Kemal Kılıçdaroğlu, Enis Berberoğlu’nun tutuklanmasının ardından “artık yeter” diyerek Ankara’dan İstanbul’a yürümeye karar verdi. İnsanın aklına bu eylemi duyunca ilk gelen şey, “günaydın” demek oluyor. Oluyor ama dememekte fayda var.
Enis Berberoğlu’nun tutuklanmasının arka planında süren MİT TIR'ları davasını da bir kenara bırakmak lazım. Halkın oyuyla seçilen vekillerin, o yasama döneminde tutuklanmasına ilke olarak karşı durmamız gerekiyor. Suç işlerken yakalanması ve yüz kızartıcı suç işlemesi gibi durumlar dışında. Bu, tüm vekilleri kapsayan bir prensip olarak benimsenmeli. Vekillikleri düşürülen ve cezaevinde olan HDP’li vekillerin, Enis Berberoğlu’nun, yasama dönemi boyunca dokunulmazlıklarına dokunulmamalı. Oysa, milletvekilliklerine dokunma sürecinde, “terör destekçisi görünme” korkusuyla CHP de başat rol oynadı. “Anayasaya aykırı ama evet” diyerek, milletvekillerinin dokunulmazlığının kaldırılmasından yana tutum aldılar.
Bugün CHP’lilerin de itiraf ettiği gibi, CHP böylece bindiği dalı kesmiş oldu.

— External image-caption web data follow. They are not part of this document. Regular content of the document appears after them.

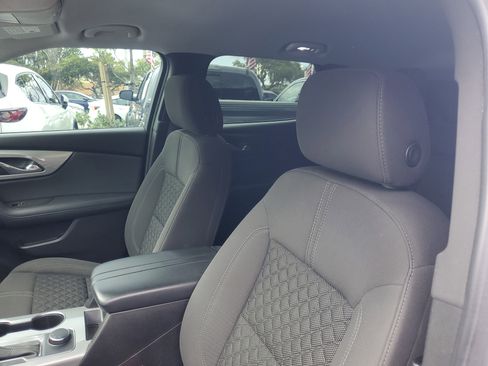 Used 2019 Chevrolet Blazer LT image 17
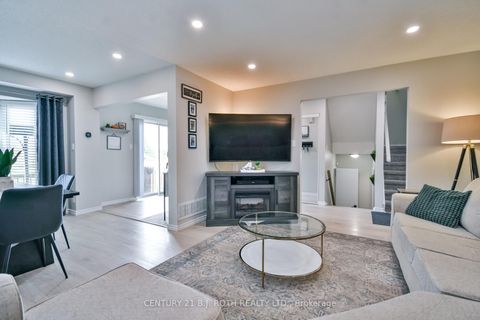 Photo 6 at 12 BURKE Drive, West Bayfield, Barrie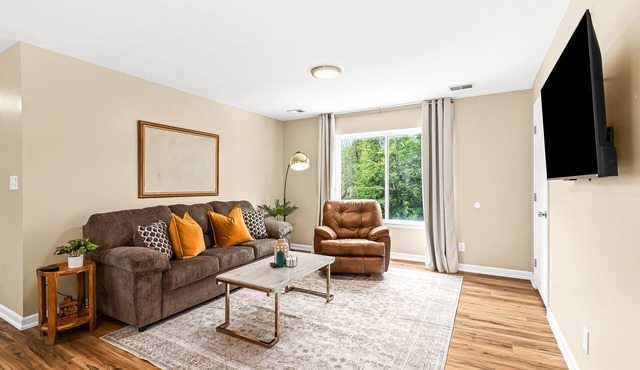 Modern 1BR Upper Flat | King Bed + In-Unit Laundry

Kılıçdaroğlu, “Adaletsizliğin olduğu bir ülkede yaşamak istemiyorum” demiş Ankara yürüyüşü sırasında. Bravo. Türkiye’nin yakın dönem bütün militarist politikalarının ortağı olarak, her türden sınır ötesi tezkereyi gündeme getiren hükümetten daha ateşli bir şekilde savunarak, Selahattin Demirtaş tutuklandığından beri tavana bakıp ıslık çalarak adaletin olmadığı bir ülkede yaşanabiliyordu…
Şimdi, aslolan, İstanbul yürüyüşünden önceki tutumların eleştirisi değil, bu yürüyüşün değerlendirilmesidir. Bu yürüyüşe, yürüyüş 1. Adalet, adaletten yoksun kalan tüm kesimleri kapsadığı, 2. “Mustafa Kemal’in askerleriyiz” gibi milliyetçi sloganlarla yürüyüş manipüle edilmesine izin verilmediği, 3. Kutuplaştırmacı değil tüm kesimlerin ortak adalet duygusuna hitap ettiği, 4. Sadece Enis Berberoğlu için değil tüm tutuklu milletvekillerinin özgürlüğünü savunduğu ölçüde veya savunmasını sağlamak için katılmak, yürüyüşün CHP’nin gövde gösterisi değil adalet isteyen herkesin yürüyüşü hâline gelmesini sağlamak gerekir. Adaletin yanı sıra, ekmeği de talep etmek çok önemli.
Yürüyüş daha birinci gününde faşistlerin tehdidiyle karşılaştı. Faşist tehdide karşı adalet için demokratik yürüyüş hakkının yanında tutum almalıyız.
CHP liderliğinin iki temel handikapı var: Birincisi, sağcı olması. Adalet yürüyüşü sağcı sloganlarla sürdürülüp, büyük bir İstanbul mitingiyle kazasız, belasız, hareket çok da büyümeden sonlandırılmak istenecektir. İkincisi ise, son günlerde giderek moda hâline getirilen “kontrollü darbe” söyleminin yürüyüşün politik omurgasını oluşturma ihtimali. Darbe sonrası OHAL koşullarından yola çıkıp, filmi tersinden oynatıp darbenin kontrollü olduğunu iddia etmek, 15 Temmuz darbesini sulandıran, sağcı, darbecilere cesaret veren ve yürüyüşe hakim eğilim olduğu ölçüde yürüyüşü de sulandıracak olan bir politikadır. 15 Temmuz gününün karanlık noktaları var ve devletin, hükümetin bu karanlık noktaları aydınlatması için çabalamak bir şey, bir darbe koalisyonunun görülmemiş şiddette giriştiği darbeyi bir tiyatroya benzetmek bambaşka bir şey. Yürüyüşün politik olarak işlevsizleşmesinden kaçınılacaksa, darbeye amasız fakatsız karşı çıkmak çok önemli.